Não é possível! O médico Pedro Paulo Dias de Carvalho, que é governador do Amapá pelo PP há cerca de 15 dias, disse numa entrevista que ainda não sabe quanto, em dinheiro, tem nos cofres mesmo com todo esse tempo no cargo. É… meus e minhas! Como pode uma coisa dessas? Um sujeito, que foi vice-governador por sete anos e três meses, assume um governo do qual ele participou ativamente não sabe quanto tem em caixa para administrar o Estado é, no mínimo, um despreparado. E pior, caros e “caras” amapaenses! O mesmo Pedro Paulo, que também foi secretário da Saúde do Amapá por quase três anos, afirmou, com a maior cara de paisagem, que desconhece o montante da dívida do Amapá. Então, senhoras e senhores, estamos perdidos! Porque o Amapá tem no comando um piloto que não sabe ler os equipamentos da aeronave. Pior! Um piloto “cego”!

É de opinião geral que a primeira coisa a ser feita quando se assume um cargo dessa relevância é saber quanto se dispõe, ou seja, quanto o antecessor deixou em caixa, e quanto é o volume dos débitos.
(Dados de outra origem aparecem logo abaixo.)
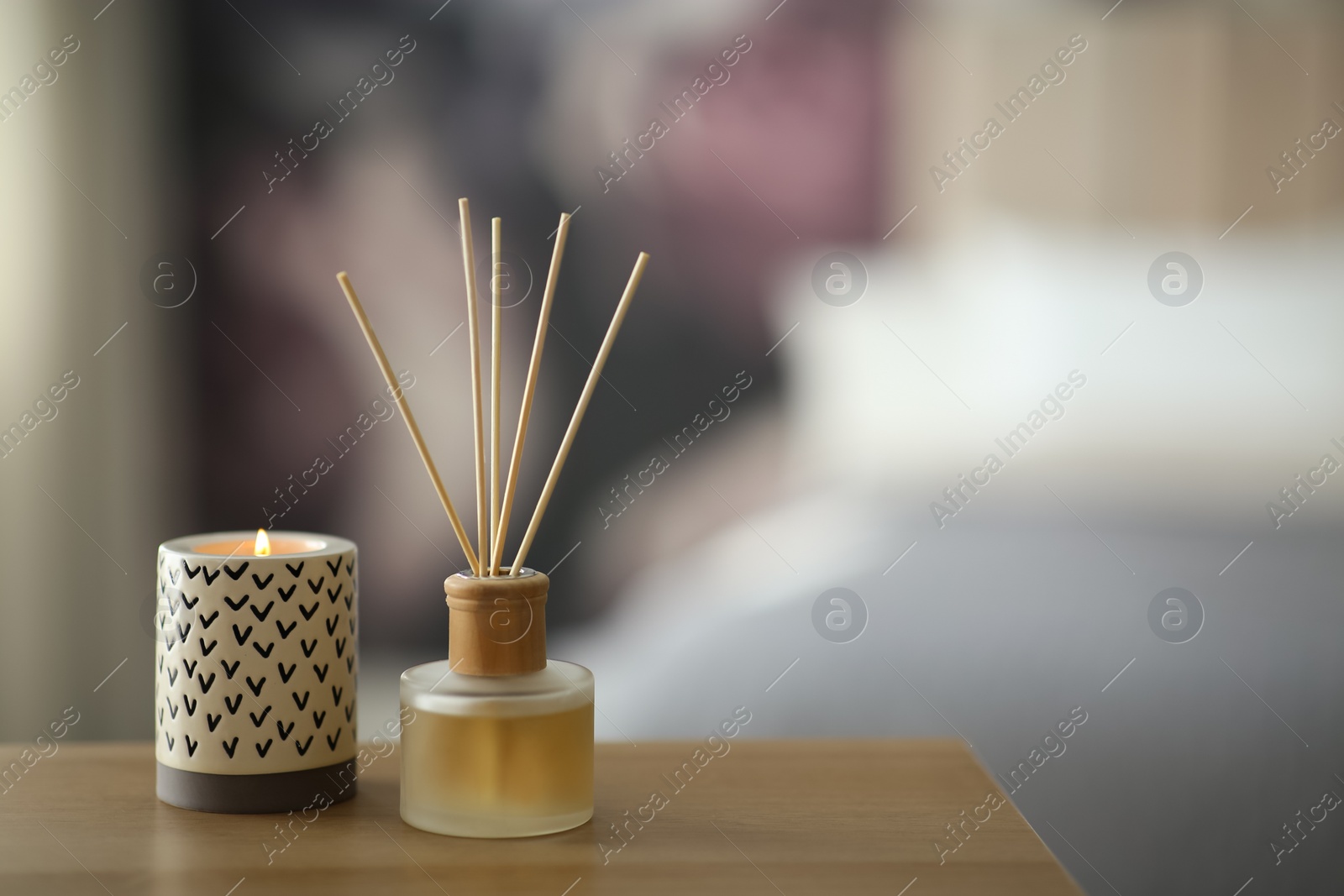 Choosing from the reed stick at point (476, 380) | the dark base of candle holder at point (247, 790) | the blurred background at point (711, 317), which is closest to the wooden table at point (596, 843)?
the dark base of candle holder at point (247, 790)

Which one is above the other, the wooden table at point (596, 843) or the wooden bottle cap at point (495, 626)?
the wooden bottle cap at point (495, 626)

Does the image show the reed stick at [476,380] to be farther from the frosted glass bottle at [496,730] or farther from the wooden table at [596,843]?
the wooden table at [596,843]

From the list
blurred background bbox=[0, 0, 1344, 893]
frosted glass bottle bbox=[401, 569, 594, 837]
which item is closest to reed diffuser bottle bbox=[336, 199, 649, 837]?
frosted glass bottle bbox=[401, 569, 594, 837]

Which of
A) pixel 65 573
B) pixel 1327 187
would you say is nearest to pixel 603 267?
pixel 65 573

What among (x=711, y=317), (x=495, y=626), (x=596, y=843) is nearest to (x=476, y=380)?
(x=495, y=626)

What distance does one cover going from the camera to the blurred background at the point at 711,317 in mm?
1513

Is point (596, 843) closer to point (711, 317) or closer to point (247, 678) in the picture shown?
point (247, 678)

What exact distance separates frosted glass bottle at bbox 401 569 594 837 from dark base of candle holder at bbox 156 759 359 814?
0.18 feet

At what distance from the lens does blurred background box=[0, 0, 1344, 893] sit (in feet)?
4.96

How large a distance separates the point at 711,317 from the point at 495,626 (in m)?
0.95

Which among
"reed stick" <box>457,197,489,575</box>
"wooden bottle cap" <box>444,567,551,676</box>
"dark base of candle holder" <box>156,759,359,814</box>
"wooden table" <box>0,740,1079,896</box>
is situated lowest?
"wooden table" <box>0,740,1079,896</box>

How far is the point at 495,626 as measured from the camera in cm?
65

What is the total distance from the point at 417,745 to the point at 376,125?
3.63ft

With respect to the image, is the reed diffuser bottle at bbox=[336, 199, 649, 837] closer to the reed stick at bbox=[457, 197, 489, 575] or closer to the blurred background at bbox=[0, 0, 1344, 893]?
the reed stick at bbox=[457, 197, 489, 575]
Pelo menos, seriam essas as primeiras iniciativas de um gestor prudente. Quanto dispõe para implementar os próprios projetos e dar continuidade aos projetos do antecessor? Qual o total da dívida herdada? Talvez Pedro Paulo tenha se precipitado. Mas, é bem provável que também esteja “protegendo” o ex-governador Waldez Góes (PDT), pré-candidato ao Senado. Ainda há outra hipótese para que Pedro Paula tenha dado duas respostas tão estapafúrdias ao afrodescendente repórter Domiciano Gomes: Não somente quis proteger Waldez, mas, principalmente, se auto-preservar porque, como vice-governador do pedetista conhecia, pelo força do cargo, os subterrâneos do governo do qual fez parte e, sem dúvida, foi co-responsável pelas marchas e contramarchas da gestão passada.

Outra resposta bastante reveladora das metodologias que Pedro Paulo vem adotando (mesmas usadas por governantes em situação idêntica) tem como personagem um dos próximos do próprio governador. Trata-se do deputado estadual Leury Farias (PP), provavelmente um dos articuladores da campanha de reeleição do atual governador. O repórter Gomes referiu-se a uma denúncia formulada por Farias de que o ex-governador Góes teria deixado uma dívida de quase R$ 800 milhões. Observem a frase inicial da resposta de Pedro Paulo: “Primeiro que eu desconheço a informação [como ele pôde ser assim, tão “ingênuo”, ao pensar que todo mundo acreditaria em tal resposta?]. Não sei qual foi a fonte que o deputado pegou”. Ora, para descobrir “qual foi a fonte” vamos retornar um pouquinho no tempo. Vocês lembram da confusão gerada em torno de Waldez Góes, sobre se ele saía ou ficava no governo, o que irritou bastante tanto Pedro Paulo quanto o deputado estadual Jorge Amanajás (PSDB), presidente da Assembleia Legislativa do Amapá? Pois é. Quem primeiro formulou essa denúncia no plenário da AL? Ele, o deputado Leury Farias, do partido do então vice-governador. E como Farias obteve informação tão privilegiada? Raciocinem! Agora, o governador Pedro Paulo vem dizer que “(…) desconhece a informação”. É muito estranho, meus e minhas! Muito estranho, mesmo!